TRPC Roundtable on “The Future of the Digital Ecosystem in Hong Kong”
The third event of the “Future of the Digital Ecosystem” TRPC roundtable series took place at the Grand Hyatt Hong Kong on the afternoon of the 11th of August 2017. The roundtable was organized with the support of the Hong Kong chapter of the International Institute of Communications (IIC), Internet Society (ISOC) Hong Kong, and Netflix. Participants from the government, industry, academia, and civil society were present to discuss the current state of Hong Kong’s digital ecosystem and what more needs to be done to ensure Hong Kong does not fall behind in its digital developments competitiveness.

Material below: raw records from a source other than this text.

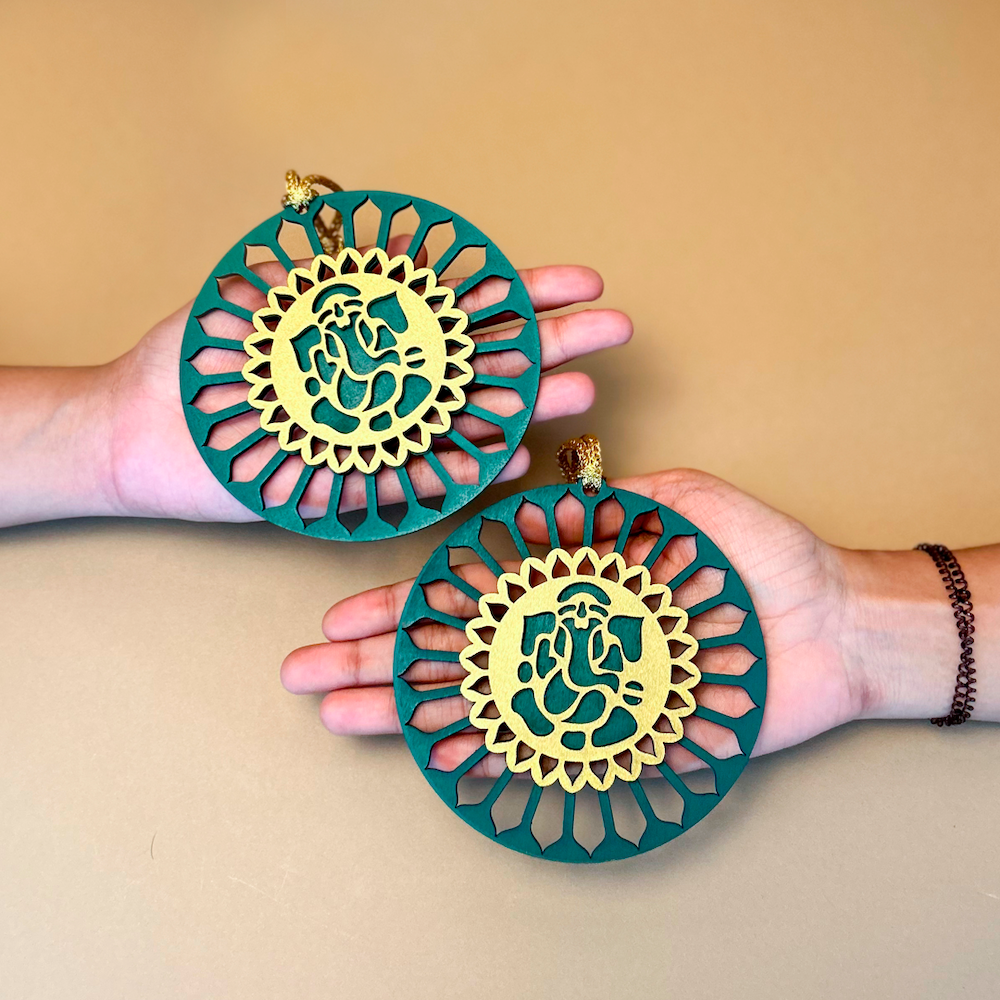 BambaiSe Ganpati Wall Hanging - Green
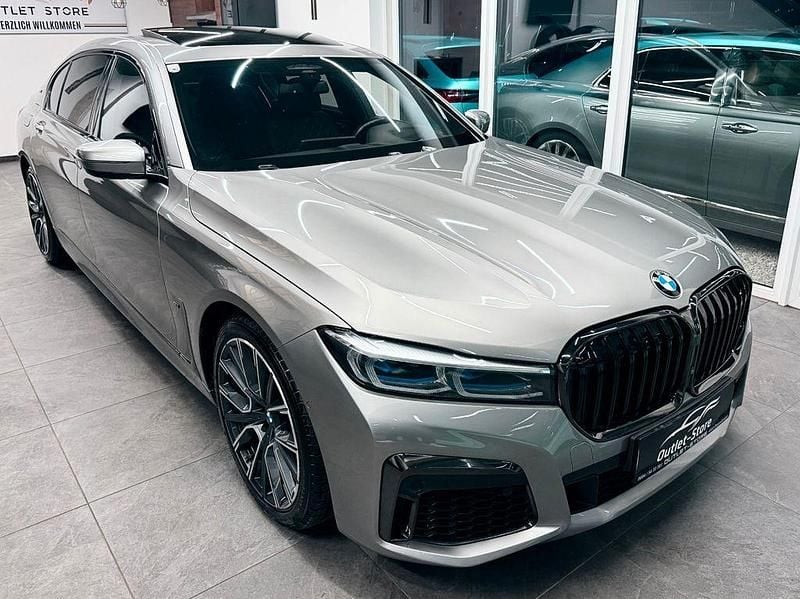 Gebraucht BMW M760 Performance 585 PS (430 kW) 2020 Grau Limousine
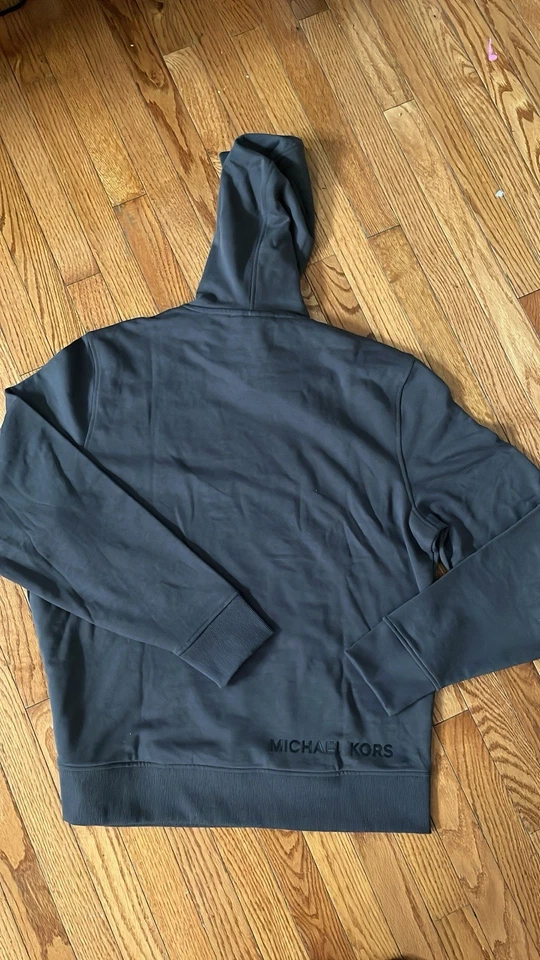 NWT Michael Kors Men’s Logo Sweatshirt Hoodie W/pockets Gray Size XL - Image 3 of 4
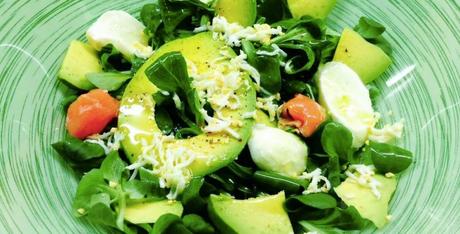 Ensalada mixta de salmón y aguacate Ensalada mixta de salmón y aguacate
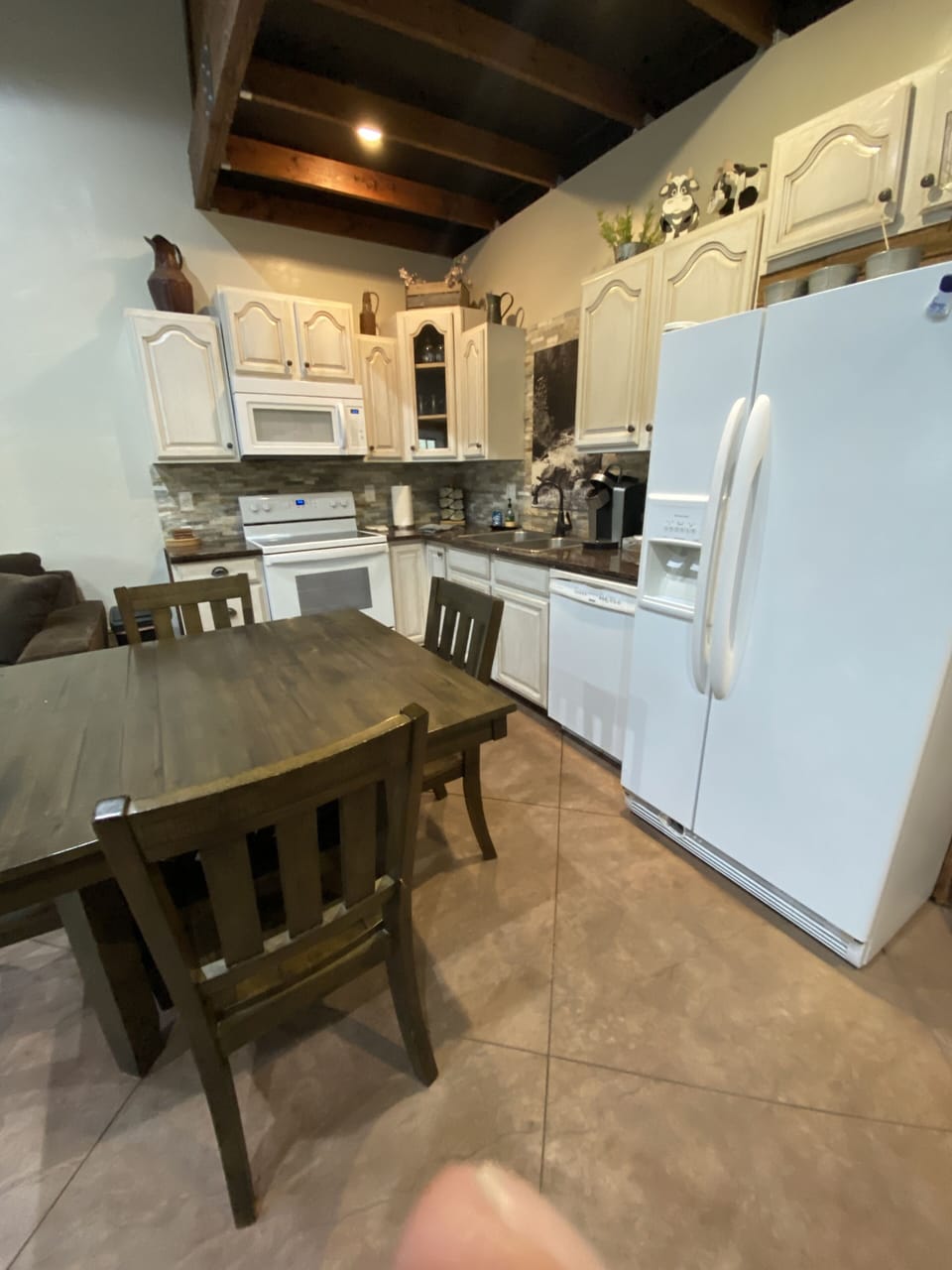 Full kitchen.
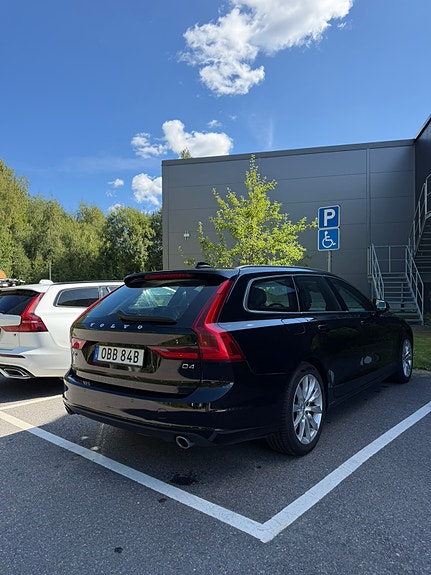 Volvo V90 2 of 4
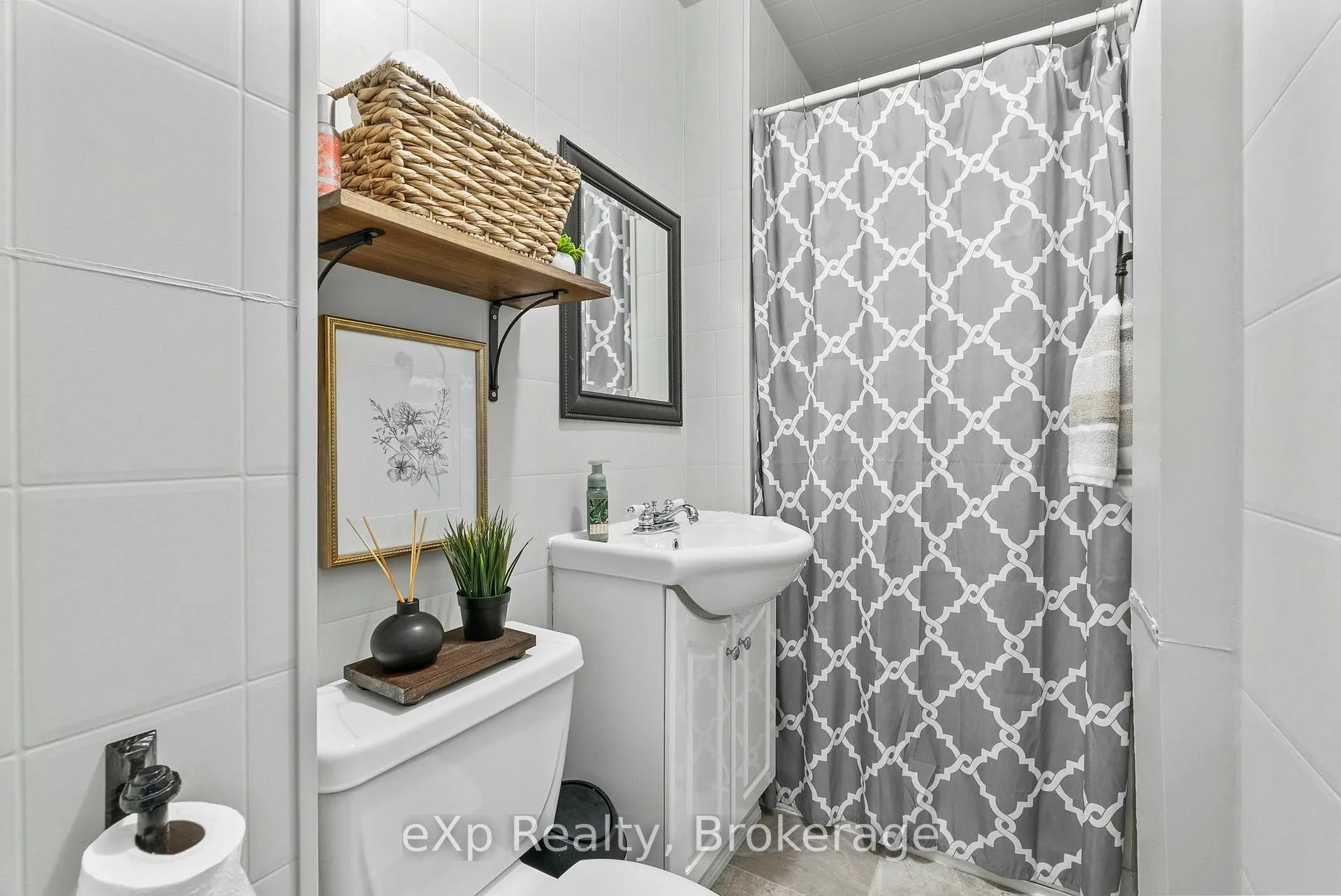 Photo 23 of 140 King Street E, Wellington North, Mount Forest — HOMEH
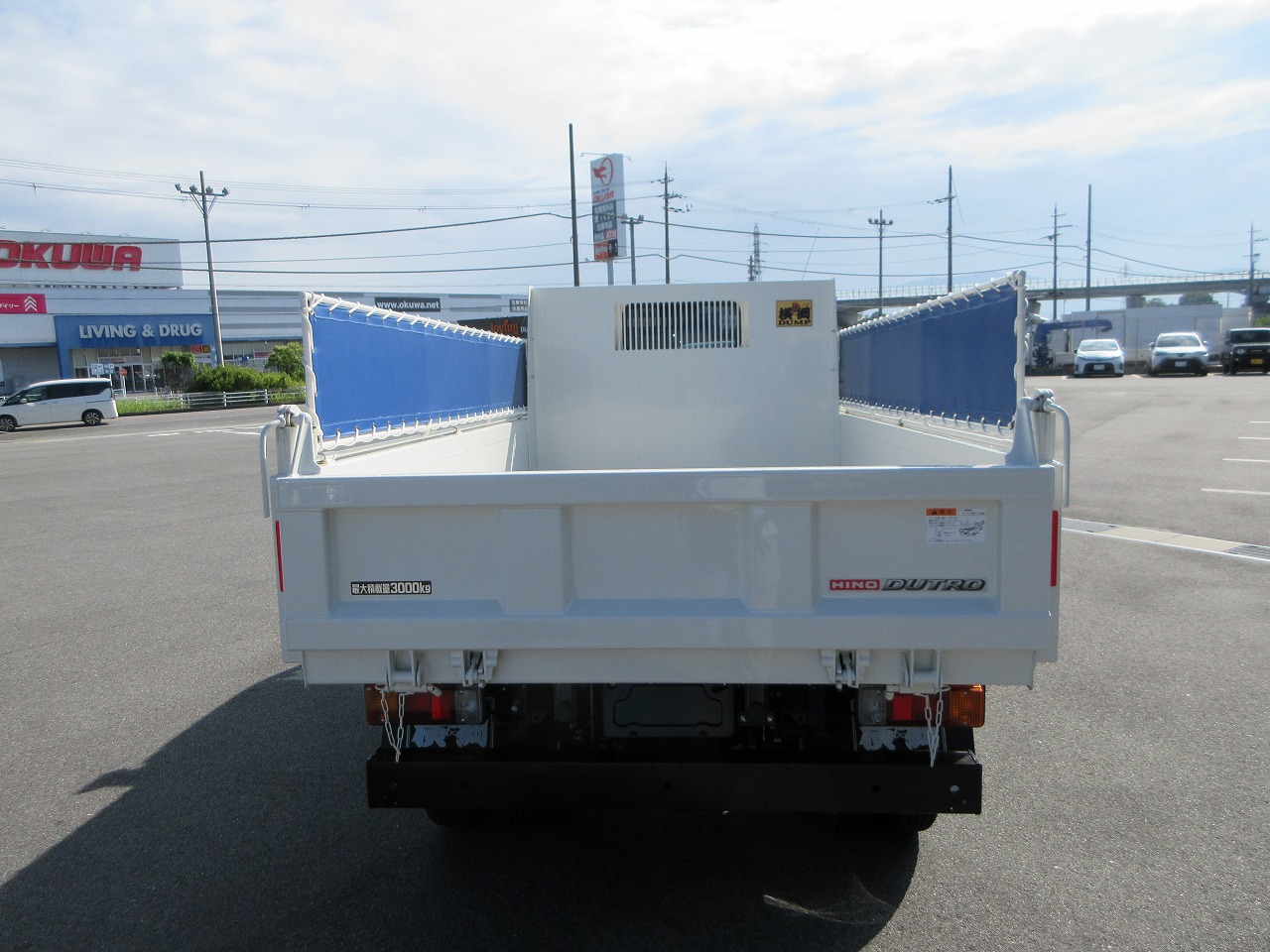 ダンプ　高床　未使用車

The general consensus among participants was that although Hong Kong has traditionally been a heavyweight and a leader in digital adoption and usage, it was now at risk of falling behind other nations such as Singapore and South Korea. This gap is particularly evident in the public sector’s use of digital services. A participant pointed out that e-government services in Hong Kong were outdated and not user-friendly, and services such as booking sports facilities at public recreational centres were still paper based. It was also suggested that the regulator needed to update its definition of broadband from the current 1Mbps speed to reflect the actual broadband penetration and speeds in Hong Kong. This will help the government to better identify gaps in its digital economy development strategy and help to enable services such as online learning and e-health.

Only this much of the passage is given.